Sortir le sixième et dernier opus d'une série à succès 11 après le précédent, l'exercice est malaisé. On ne compte plus les bides monumentaux en la matière, les déceptions des lecteurs et des fans qui ne mettent guère longtemps à comprendre que l'auteur n'est plus trop motivé par le projet, mais que bon, l'éditeur et tout ça, voire même dans certains cas le besoin pressant de faire entrer quelques liquidités. Force est de reconnaitre, et sans préjuger de ses motivations que je ne connais pas par ailleurs, que Lehane s'en est plutôt bien tiré.

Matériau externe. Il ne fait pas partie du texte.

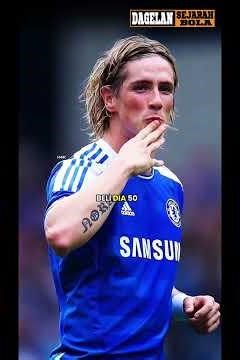 Perjalanan F.Torres Lalu berubah jadi legenda di Camp Nou. #sejarahbola #faktabola #mediabola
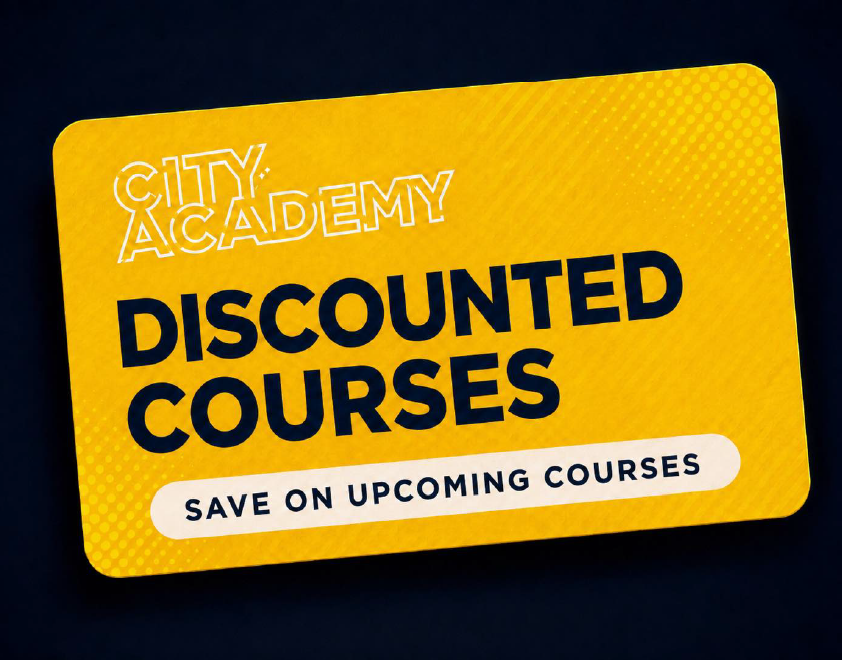 Discounted Courses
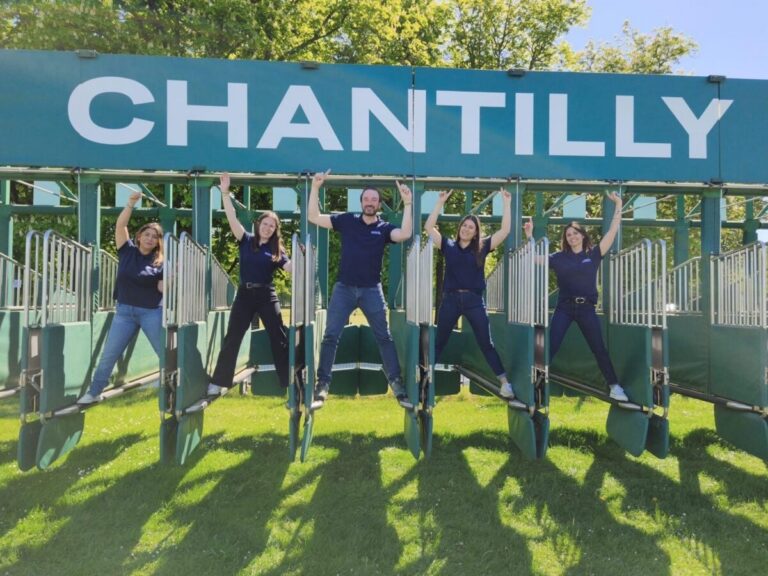 Agence d’aide à domicile Petits-fils Chantilly - Équipe 2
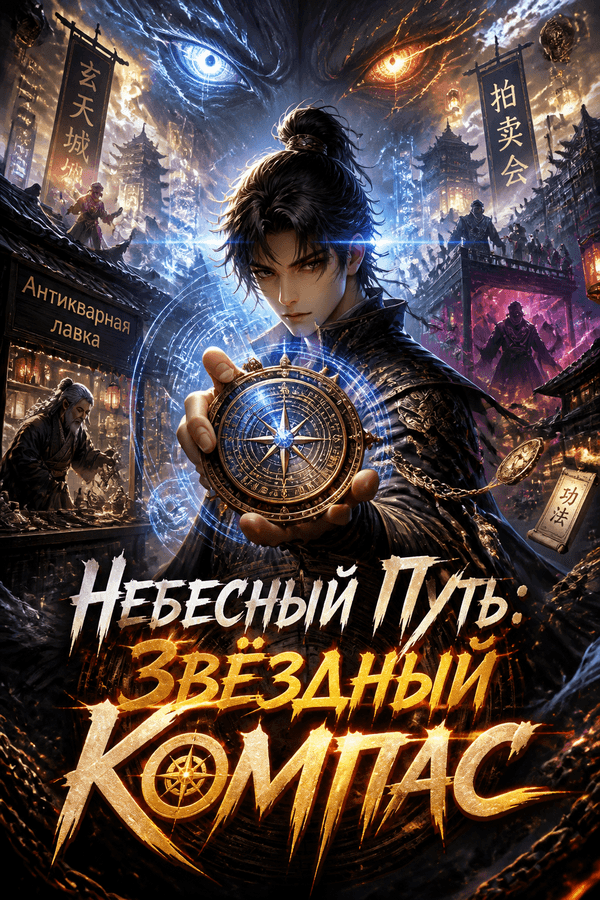Небесный Путь: Звёздный Компас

Il a d'ailleurs eu l'intelligence de faire vieillir ses personnages d'autant que l'intervalle qui sépare son cinquième et son sixième opus. Ce qui en l'espèce fonctionne bien, car l'action des bouquins est toujours contemporaine de leur année de sortie. Et puis il faut reconnaitre que le cinquième tome (l'excellent Prières pour la pluie), s'il marquait les retrouvailles amoureuses du couple Kenzie / Gennaro, ne constituait pas vraiment une fin de saga. Dit autrement, à la fin du bouquin, notre duo se retrouvait comme à chaque fois prêt pour de nouvelles aventures. Ce n'est plus le cas maintenant, de toute évidence, même si je n'en dirai pas plus pour ne rien dévoiler. Ajoutons simplement que le lien avec le é se fait bien également parce que reviennent ici certains des personnages d'une enquête précédente (la quatrième, crois-je).
Sinon, Lehane n'a rien perdu de sa gouaille (exprimée à travers le narrateur, Kenzie) dès lors qu'il s'agit de critique sociale envers les travers de la société étasunienne. Que selon sa méthode désormais bien éprouvée, il déroule via des portraits de personnages secondaires croisés au cours de l'enquête. Pour toutes ces raisons, et aussi parce que je suis content d'avoir eu des nouvelles d'Angie et de Patrick, je lui pardonne volontiers un scénario un peu bancal, un fin légèrement bâclée et quelques excès de sentimentalisme (à mettre sans aucun doute sur le compte des onze années écoulées).